I refer to the article “Commentary: Don’t hold our treatment of foreign domestic workers to countries with lower standards” (Channel NewsAsia, Apr 21).
After reading the above and as we are approaching Labour Day on 1 May – I simply took parts of the article and changed “foreign domestic worker” to “lower-income Singaporean worker”.
Do you not see what may be arguably, the irony and the double standards in talking about the plight of foreign workers vis-a-vis lower-income Singaporean workers?
“When it comes to governance, healthcare, transportation and quality of life, we often compare ourselves to the best and ask what it will take to get there if we’re not already there.
Yet when it comes to the rights of lower-income Singaporean workers, many apparently choose to compare our standards to those of less developed countries which may have fewer protections for their local workforce.
Shouldn’t these standards be applied to lower-income Singaporean workers too?
Many readers responded to these suggestions by pointing out that even under current conditions, lower-income Singaporean workers are earning more here that they would had they stayed in (some other) countries.
This may very well be true.
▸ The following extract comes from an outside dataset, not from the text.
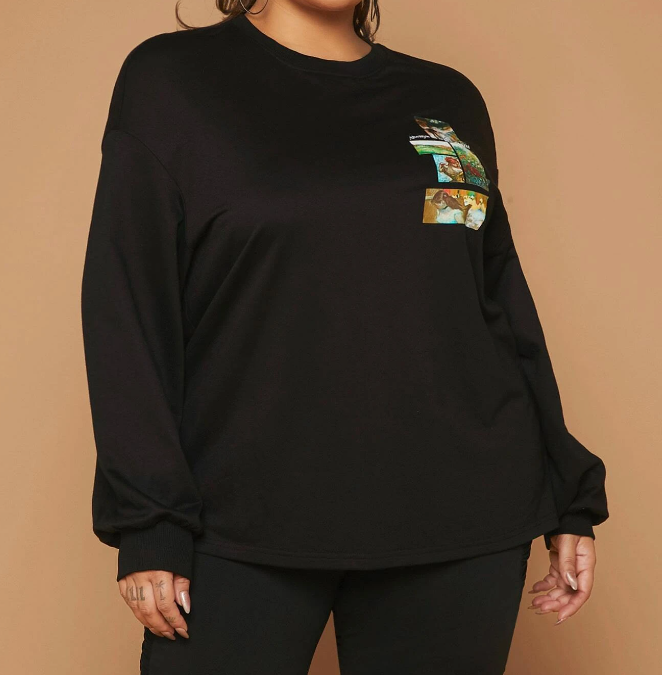 Sudadera Negra Casual con Estampado de Dibujos Animados y Letras-4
But are those really the standards we should live by in Singapore?
We pride ourselves on being a First World nation, so shouldn’t we endeavour to apply First World standards of fairness to our treatment of all workers including lower-income Singaporean workers here?
Many also pointed out that non-government organisations often exhort better treatment of lower-income Singaporean workers but neglect employers’ rights.
Certainly, employers’ rights deserve equal attention.
But the two aren’t mutually exclusive, unless upholding employers’ rights necessarily requires the unfair and inhumane treatment of workers.
Most would agree this isn’t the case.
So why then do so many adopt an “us against them” mentality when negotiating such rights?
Some employers maintain that the lower-income Singaporean worker signed the contract, so why should she complain?
Just as we do with other aspects of life and living in Singapore, let’s aspire to higher standards and set our own benchmarks for the treatment of lower-income Singaporean workers in our country.”